** Data follows **

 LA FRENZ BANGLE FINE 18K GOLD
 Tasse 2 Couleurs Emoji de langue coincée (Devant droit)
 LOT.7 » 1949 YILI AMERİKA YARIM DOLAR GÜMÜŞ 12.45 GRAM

** End of Data **
** Data follows **

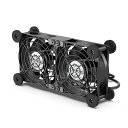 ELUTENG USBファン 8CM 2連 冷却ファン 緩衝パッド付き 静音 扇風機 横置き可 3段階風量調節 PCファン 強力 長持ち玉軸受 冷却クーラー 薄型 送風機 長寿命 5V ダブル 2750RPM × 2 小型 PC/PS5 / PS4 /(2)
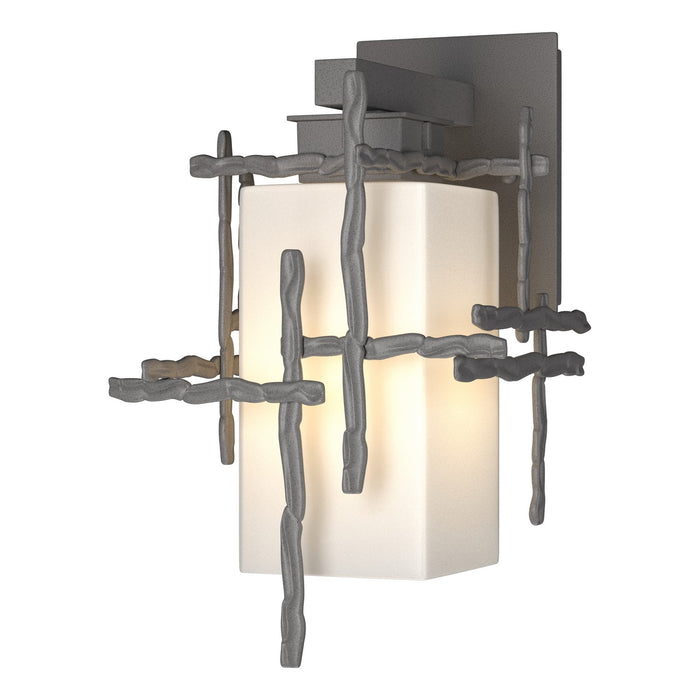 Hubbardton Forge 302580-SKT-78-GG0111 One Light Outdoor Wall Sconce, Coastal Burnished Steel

** End of Data **
** Data follows **

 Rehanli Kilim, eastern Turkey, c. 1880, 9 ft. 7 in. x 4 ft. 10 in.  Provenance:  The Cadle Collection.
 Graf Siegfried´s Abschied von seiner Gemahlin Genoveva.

** End of Data **

The problem: Return only the stretch above from the line containing "ELUTENG USBファン 8CM" through the line containing "Hubbardton Forge 302580-SKT-78-GG0111", word for word and without pictures.

Exercise output:
 ELUTENG USBファン 8CM 2連 冷却ファン 緩衝パッド付き 静音 扇風機 横置き可 3段階風量調節 PCファン 強力 長持ち玉軸受 冷却クーラー 薄型 送風機 長寿命 5V ダブル 2750RPM × 2 小型 PC/PS5 / PS4 /(2)
 Hubbardton Forge 302580-SKT-78-GG0111 One Light Outdoor Wall Sconce, Coastal Burnished Steel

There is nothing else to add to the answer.